Not only most of the Bulls’ front office staff but a number of Durham boosters were in attendance at the press conference, from places like the Chamber of Commerce, Downtown Durham Inc., etc. This was a pretty big deal, helping to reaffirm Durham as a legitimate tourist destination and the Bulls as the minor leagues’ most recognizable franchise—and perhaps most reliable, too. The biggest compliment paid the team in the luncheon of praise came from Mobley, who said of bringing the game to Durham: “It’s one of those situations that you don’t have to worry about. You know things are going to be done right.”

***

As for Canzler’s MVP Award, I’ve got thoughts but will hang fire for now except to congratulate him. He has had a marvelous season, the best of his career in his first year at this high a level. I’ll be back with more about this, I hope, soon, but I need to pace myself—in the wake of a trip to Norfolk a fortnight ago, followed by this eight-day, nine-game homestand, which has seen the Bulls rise from the guts to (nearly) the glory, I’m going to head down to Charlotte to watch them play two games against the Knights. The Bulls could very well clinch the division down there, and if no one’s there to see it, does it really happen? Probably, but I want to be sure.

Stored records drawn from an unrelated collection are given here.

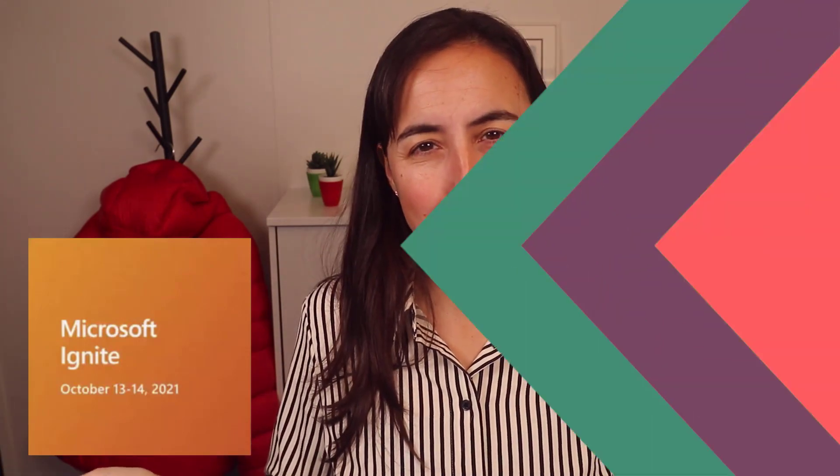Hello everybody, my name is Ruth Pazuelo from Corva.com and in today's video I'm going to go through all the updates and announcements that Microsoft made at Ignite for Power BI. Let's get started.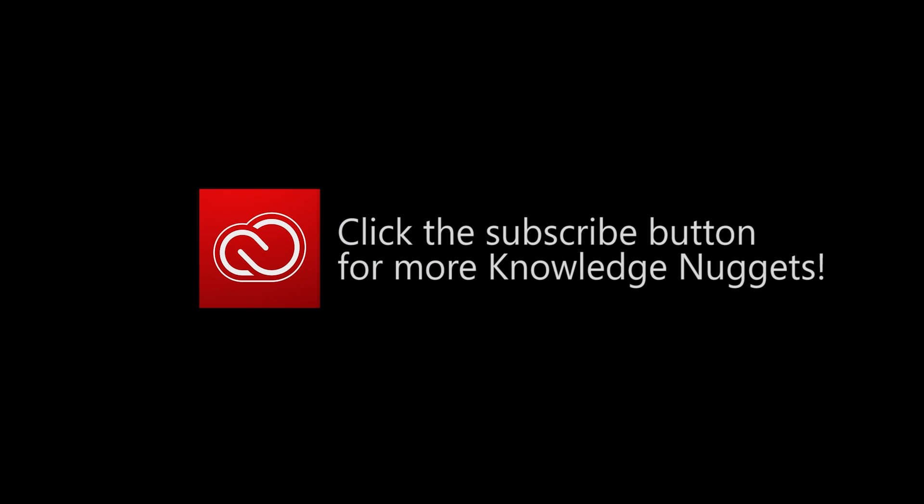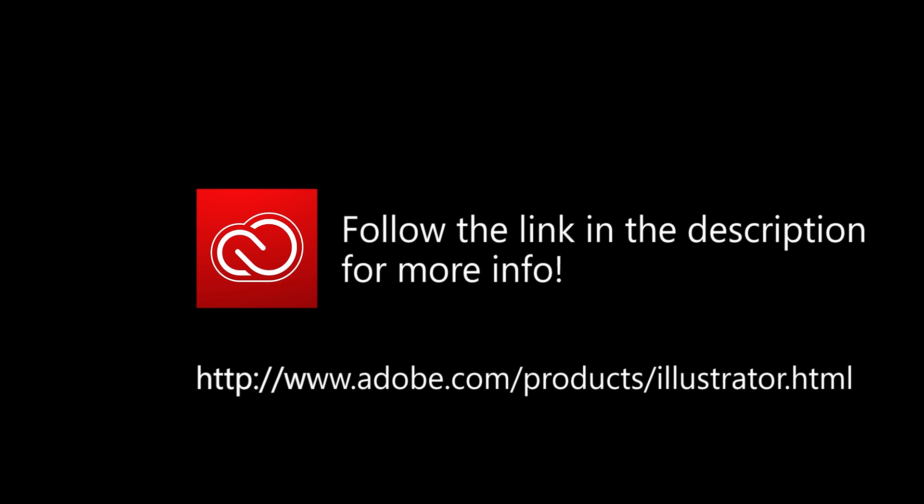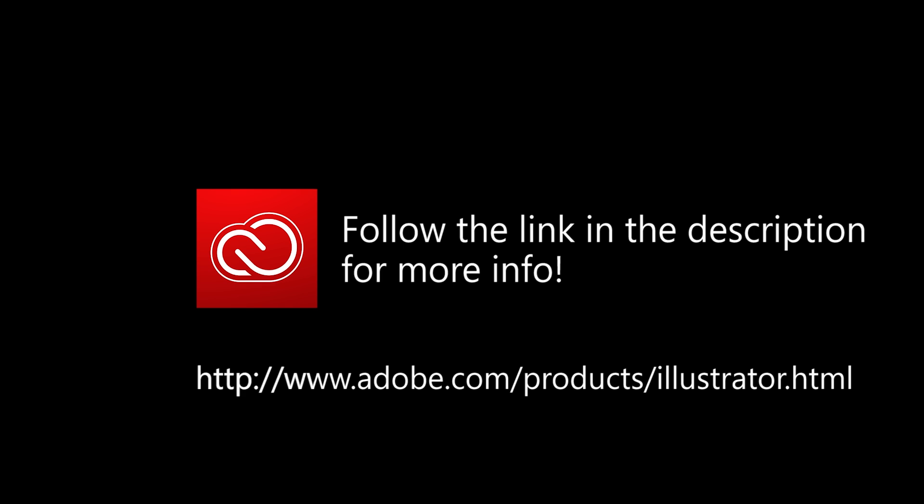If you liked what you saw, click the subscribe button below to stay up to date with all the fun new knowledge nuggets we have in store for you. And follow the link below to learn more about the new features in Adobe Illustrator. And as always, thanks for watching. We'll see you next time.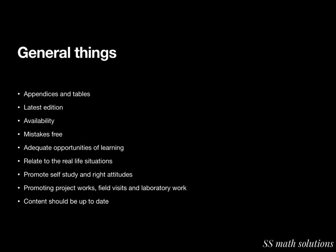For general qualities: at the end of the book there should be tables and appendices. The textbook should be the latest edition with necessary modifications. The book should be moderately priced and readily available in the market. Diagrams and figures should be present wherever needed. It should be free from mistakes and provide sufficient materials to motivate students to solve problems. Students should get adequate opportunity for learning through independent effort, and problems should relate to real-life needs and the physical and social environment of the learner.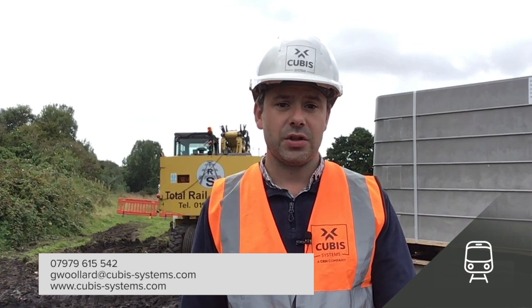I'm going to continue here with the delivery team, but if you have any questions or inquiries about these products, please get in touch by emailing me at gwollard@cubis-systems.com. Also have a look at our website www.cubis-systems.com. Thank you very much.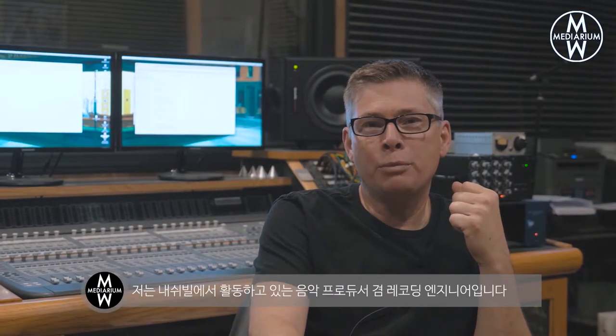Hi, my name is Steve Dady. I'm a music producer and recording engineer in Nashville, Tennessee. I'd like to welcome you to my studio. This is Sunset Boulevard Studios.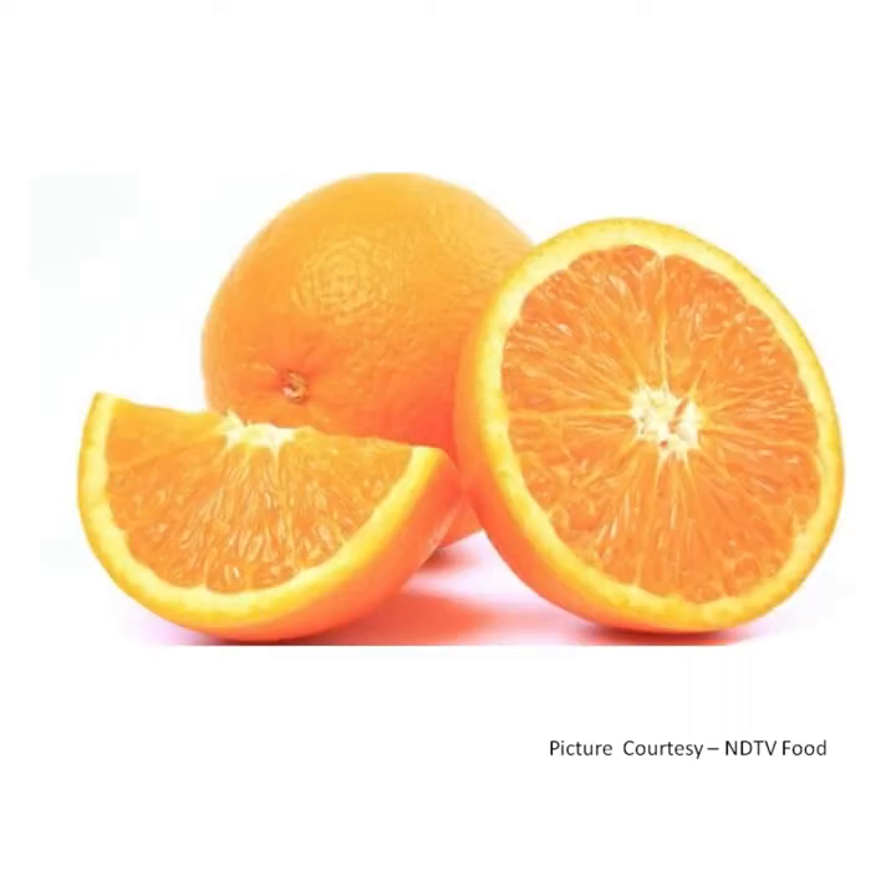Round round oranges sweet and sour, sweet and sour. They grow on a tree. O for orange.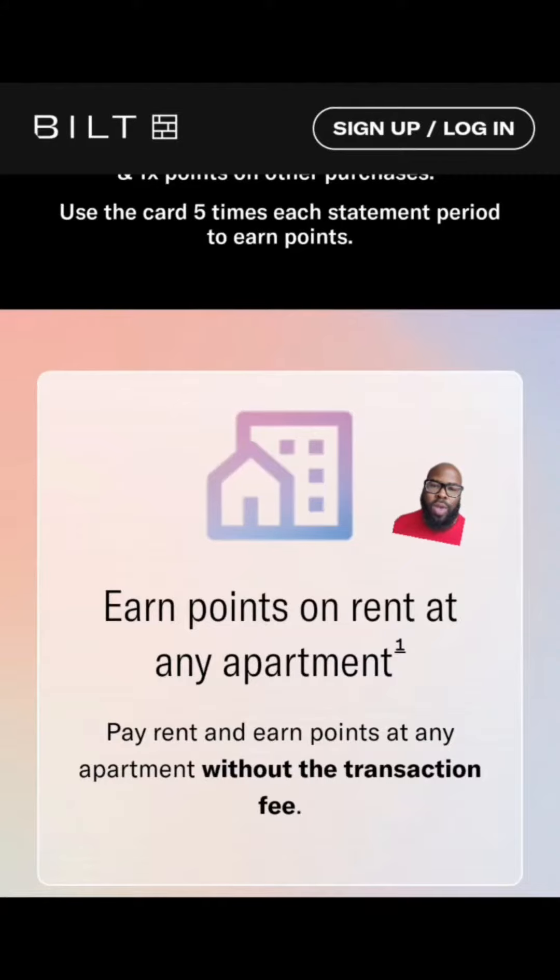But Jamal, my landlord charges me 3% when I pay my rent with a credit card. Come on now, you know I got you. The Bilt Card does not have any transaction fee nor does it have any annual fee. They'll even send your property landlord a check in case they don't accept credit cards.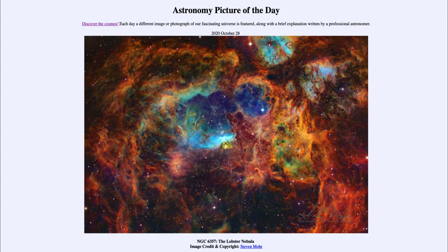Greetings and welcome to the introduction to astronomy. One of the things that I like to do in each of my introductory astronomy classes is to begin the class with the Astronomy Picture of the Day from the NASA website — that is apod.nasa.gov/apod — and today's picture for October the 28th of 2020 is titled NGC 6357, the Lobster Nebula.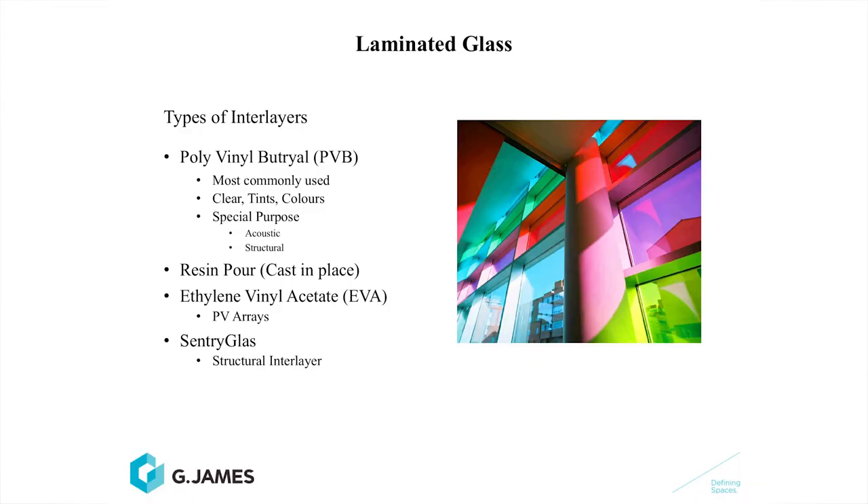The types of interlayers that can be used with laminated glass are: polyvinyl butyral, the most commonly used, available in clear and a range of tints, and also in acoustic and structural grades; resin pour, which is not widely used in this country; ethylene vinyl acetate, or EVA, very much used in the solar industry with photovoltaic arrays; and a relatively new product to the market, SentryGlas, which is an ionoplast interlayer — a very stiff structural interlayer.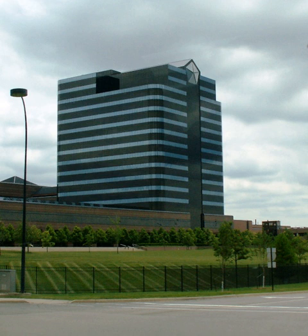The Headquarters Tower was constructed between 1993 and 1996. The Walter P. Chrysler Museum, now closed, was also on the campus.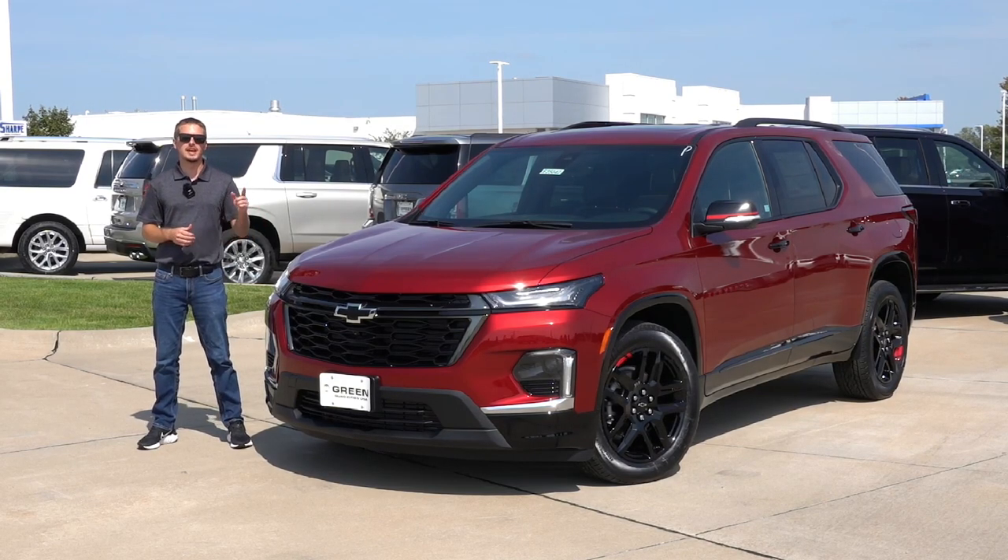Hey guys, welcome back to another video. Today I have yet another 2023 Traverse, and this time it's the Premier Redline Edition.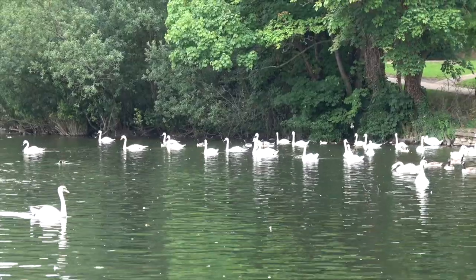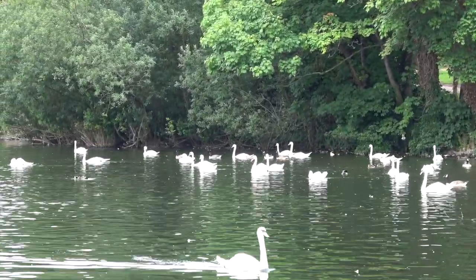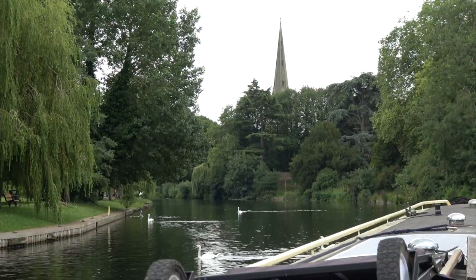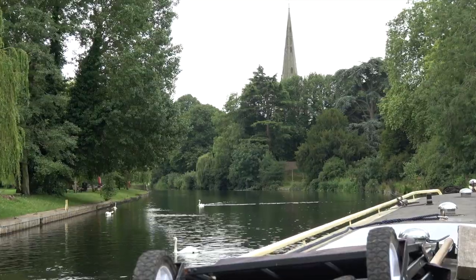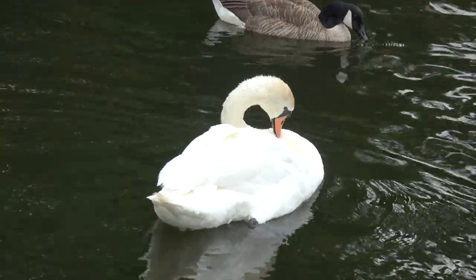Geese? I lost count at 30. Swans? I didn't even try. I'll award points here if you can count them all. With the spire of the Holy Trinity Church up ahead, our path is widely set for the first lock. Two more here — you'll have to add them to a running total now.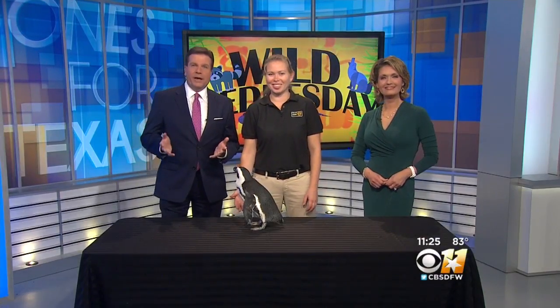Welcome back. It is Wild Wednesday and today we have a little bit of a chill segment for you. We've got a real chill penguin with us. Robin is here from the Dallas Zoo, and she brought along Sid.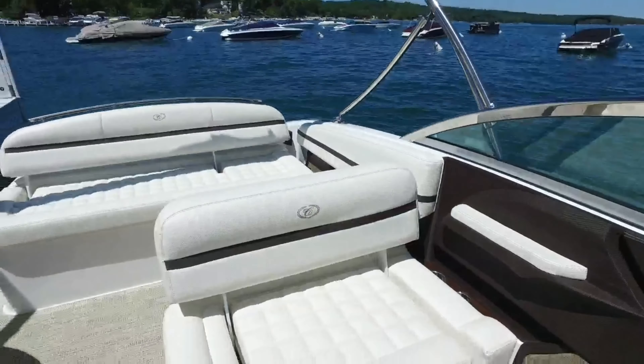Cobalt has done a fantastic job utilizing seating space found within the cockpit. It features a double-wide companion chair as well as flip-flop bolsters, maximizing space allowing for the whole group to sit together or extra room to stretch out on that enormous sun pad.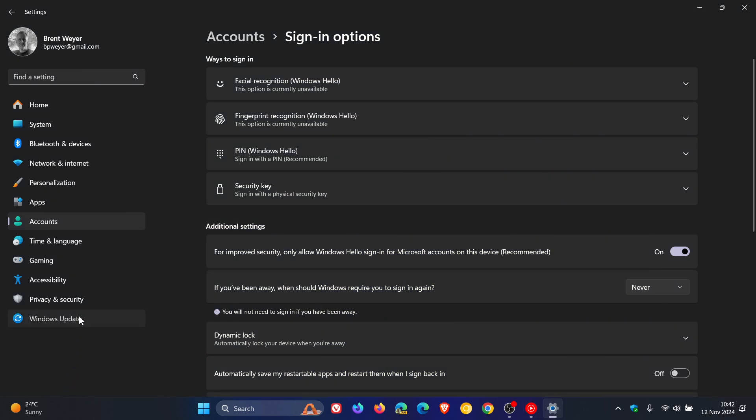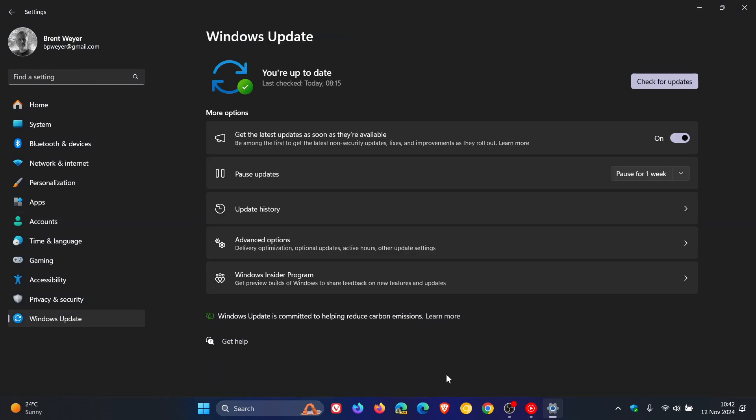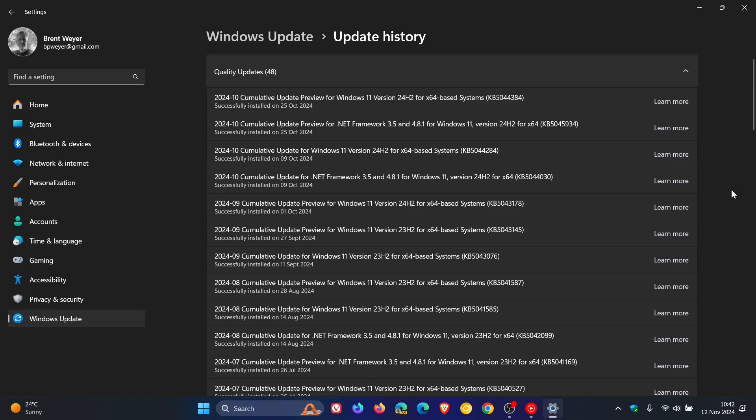Microsoft has officially said on their known issues health dashboard page that the issue was resolved with Windows updates released on the 8th or 9th of October — depending on your region — and that was with KB5044284 or later. Microsoft recommends installing the latest security update for your device, as it contains important improvements and issue resolutions including this one.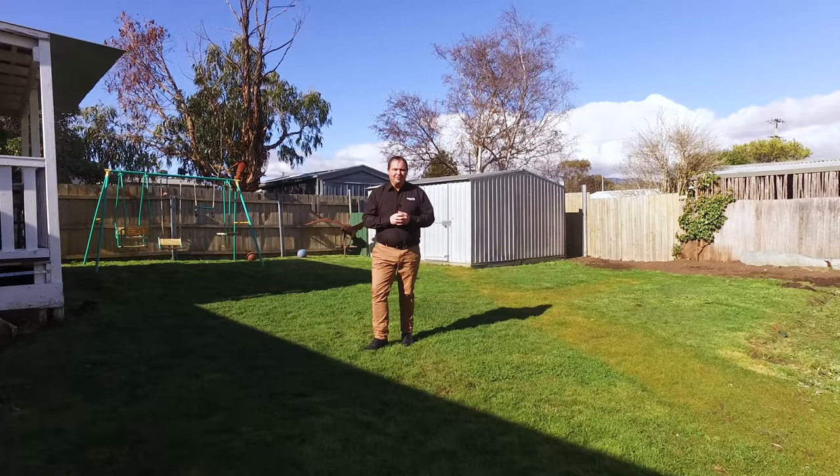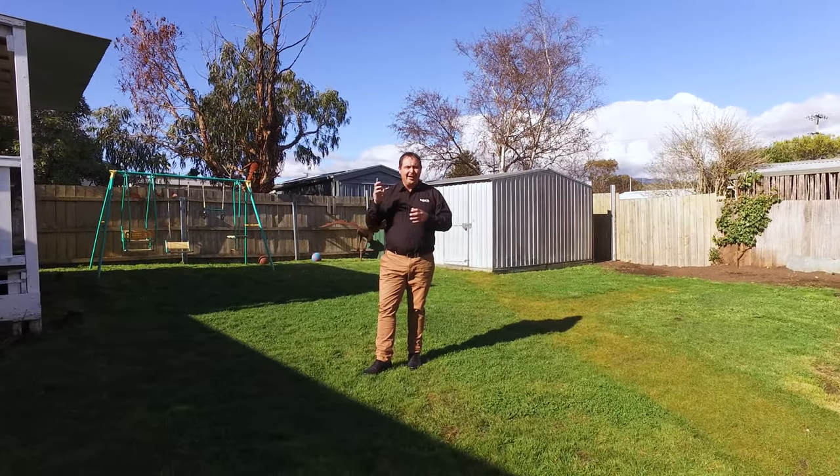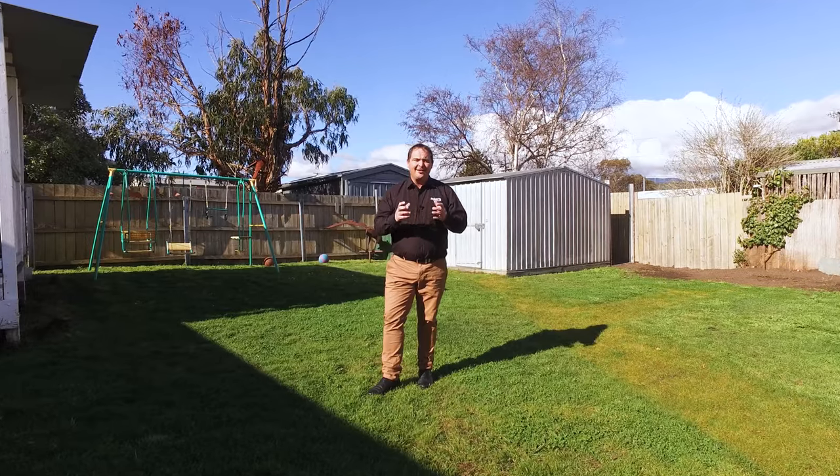This property's got multiple features. We've got a double garage, garden shed, and a fantastic barbecue area for the entertaining nights.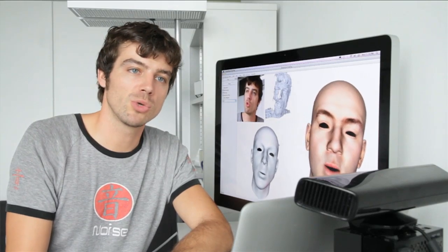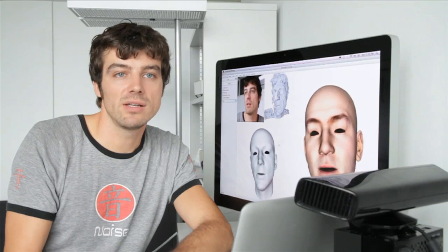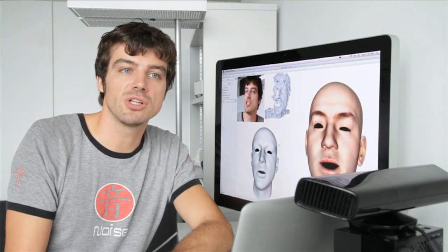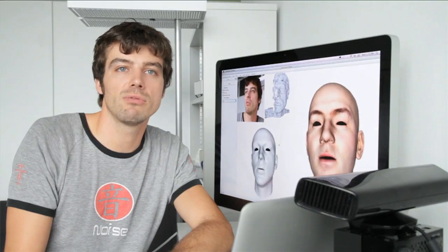Subtle facial motions — for example, twitching — can be reconstructed faithfully, and that leads to lively and engaging facial animations. With FaceShift, you become the controller of any digital character.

Andy Sonnanstine faces Charlotte’s Dylan Axelrod at 7:05 p.m. tonight in Charlotte Fort Mill, S.C. This is a rematch of last Friday’s game at the DBAP, in which Axelrod pitched five one-run innings and Sonnanstine was bombed for eight runs and was gone after the fourth. The impact of last night’s scintillating win may not be felt until tonight, when we’ll find out whether the Bulls carry the momentum with them to Knights Stadium or come down with another case of lethargy and losing. In other words, when it’s over we’ll know more about not just the strength but the length of their guts. I’ll be back tomorrow with a report.